The town accountant, on June 17, 1983, replied that, unless the committee could demonstrate to her that the purchases for which orders had been submitted to her in the next prior week had been "included in the FY 1983 [school] [b]udget when it was presented and appropriated at the . . . [t]own [m]eeting of April, 1982," she would "have no alternative but to charge them to the FY 1984 budget."
The committee brought this action in the nature of mandamus to compel the town accountant to charge all purchase orders delivered to her during the fiscal year 1983 to the fiscal year 1983 budget. The complaint also sought declaratory relief.
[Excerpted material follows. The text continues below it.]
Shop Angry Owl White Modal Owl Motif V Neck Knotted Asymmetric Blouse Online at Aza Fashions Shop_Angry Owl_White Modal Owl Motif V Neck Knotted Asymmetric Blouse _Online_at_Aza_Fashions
A Superior Court judge allowed the committee's motion for summary judgment. The order declared that the committee was "authorized to spend sums appropriated for its fiscal year 1983 budget on items which will be used by the . . . schools in later fiscal years" and ordered that the town accountant "charge all purchase orders delivered to her office by the . . . [c]ommittee during the fiscal year 1983 to the" budget of that year. We interpret this as meaning that, if the funds appropriated for the schools for
fiscal year 1983 were spent or encumbered in that fiscal year, they were to be charged to the 1983 appropriation. Other consistent relief was granted. The town accountant has appealed.
1. The judge correctly ordered summary judgment on the basis of the plain meaning of the italicized language of Section 34, as quoted in the Appendix. In connection with Proposition 2 1/2, so called, St. 1980, c. 580, Section 7, was enacted by initiative action at the State election in 1980. See Massachusetts Teachers Assn. v. Secretary of the Commonwealth, 384 Mass. 209 , 220-221 (1981). The language of Section 7 was modified by St. 1981, c. 471, which added the second and third sentences in the first paragraph of Section 34 as quoted in the Appendix, and by St. 1981, c. 782, Section 14, which added the second paragraph of Section 34 (as so quoted). The 1981 amendments include all the emphasized language of Section 34. We perceive nothing in Superintendent of Schools v. Mayor of Leominster, 386 Mass. 114 (1982) (or in G. L. c. 41, Section 56; c. 44, Section 56; c. 70, Section 6; or c. 71, Section 38N and Section 49A), which would require a different interpretation of Section 34 from that reached by the trial judge. Any modification of the consequences of the emphasized language must be sought from the Legislature.
2. In view of our decision, we need not decide whether the committee, for purposes of this motion for summary judgment, see Mass.R.Civ.P. Section 56, 365 Mass. 824 (1974), properly conceded that the purchase orders delivered in May and June of 1983 were for items needed and to be used in fiscal year 1984. This sensible concession obviously simplified and expedited the discussion in the Superior Court. See Johnston v. Holiday Inns, Inc., 595 F.2d 890, 895 (1st Cir. 1979); 10A Wright & Miller, Federal Practice and Procedure, Section 2720 (1983 & Supp. 1984).
General Laws, c. 71, Section 34, as amended through St. 1981, c. 782, Section 14, provides:
"Every . . . town shall annually provide an amount of money sufficient for the support of the public schools as required by this chapter, provided, however, that no . . . town shall be required to provide more money for the support of the public schools than is appropriated by vote of the legislative body of the . . . town. In acting on appropriations for educational costs, the . . . town appropriating body shall vote on the total amount of the appropriations requested and shall not allocate appropriations among accounts or place any restriction on such appropriations. The . . . town appropriating body may make nonbinding monetary recommendations to increase or decrease certain items allocating such appropriations.
The vote of the legislative body of a . . . town shall establish the total appropriation for the support of the public schools, but may not limit the
authority of the school committee to determine expenditures within the total appropriation." (Emphasis supplied).